South Park has changed over time. Kyle and Stan remain core characters, but carry fewer episodes. Kyle episodes got lower ratings on IMDB than Stan and Cartman episodes. Popular characters like Randy and Butters were given more lines. Randy has led many more episodes. The change in jokes mirrors these changes in characters. Signature jokes of Kyle (learned something) have faded to make room for new signature jokes such as Butters getting grounded.
Episodes tend to have fewer, but longer lines. The writers give the lead character a larger percentage of the dialogue. The writers are more confident in concentrating the dialogue around fewer characters and the words around fewer lines. The show has fewer episodes each season. They also have more multi-part episodes. In the 19th season (not included in this analysis) almost every episode is connected.
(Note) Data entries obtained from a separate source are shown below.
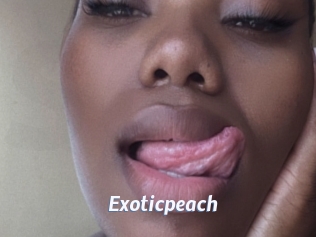 Exoticpeach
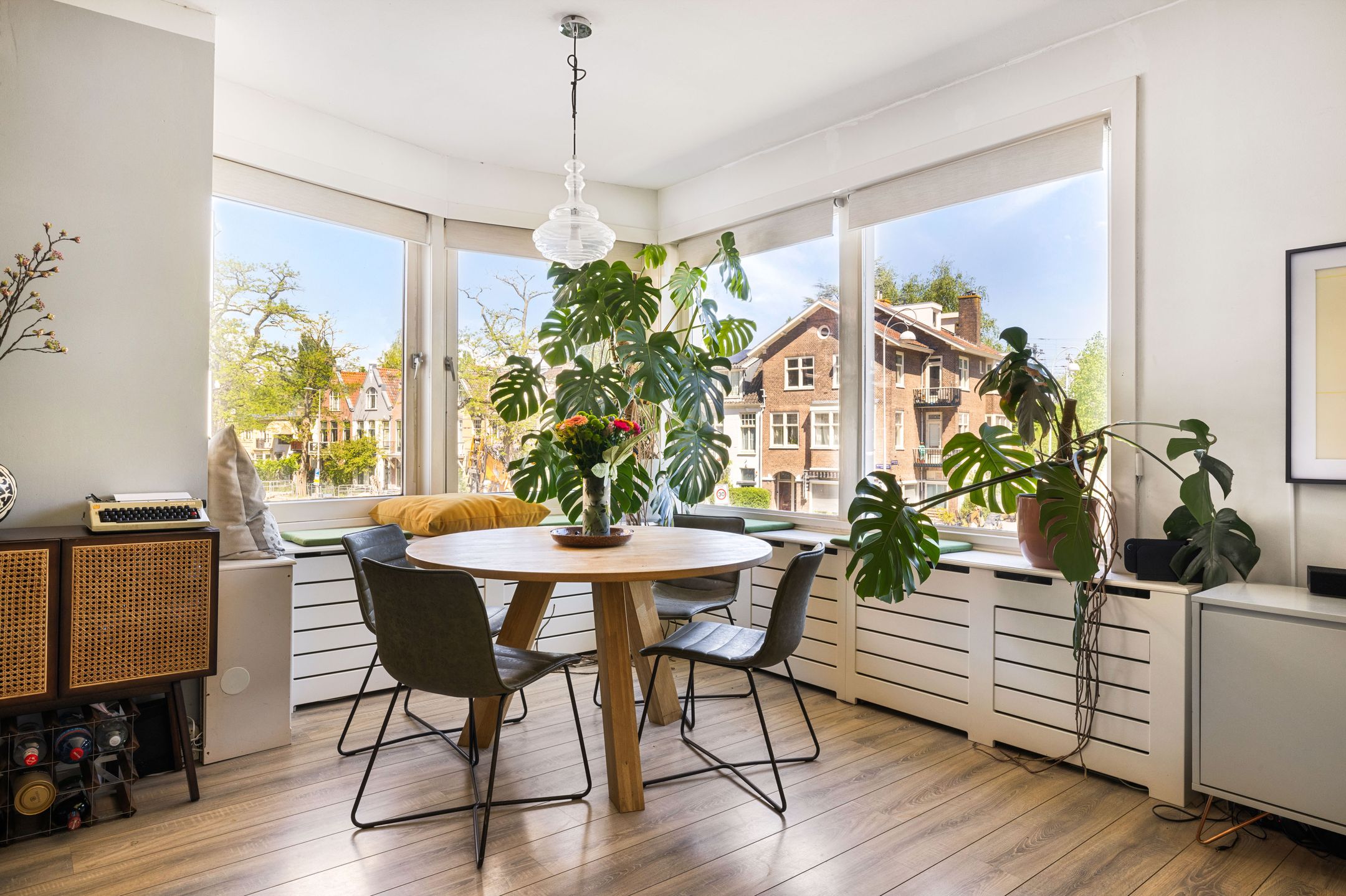 Foto van Archimedesweg 641, Amsterdam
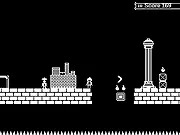 Down the Well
For all of the changes, one constant is Cartman. The show has gave him more lines and more episodes to lead. Fans loved it as they rate his episodes the highest.
That’s it. I can’t tell you that South Park survived because of these changes. However, I always loved it and still do. Hopefully, you do to. Feel free to share your thoughts on the show’s evolution.
This analysis only goes up to Season 18 Episode 9. All code and data can be found on Github.
*There are actually more words in the first half of the series. The numbers are weighted to account for that.
**To muffle noise, this uses a 4 episode rolling average.
***There is research that suggests self referential words are not correlated with narcissism.
3 thoughts on “South Park Text Analysis: They Stopped Killing Kenny and the Rise of Randy”
Great job. I would assume you used scripts from the show as data. What program did you use for this (besides import.io)?
What about Timmy?? Surely he would have the least words per line of dialogue.
I think the amount of focus episodes for each character yet is a bit off. For example, I don’t believe Stan has only had 24 episodes at the time you wrote this. Cartman isn’t the main character, but other than that, good job.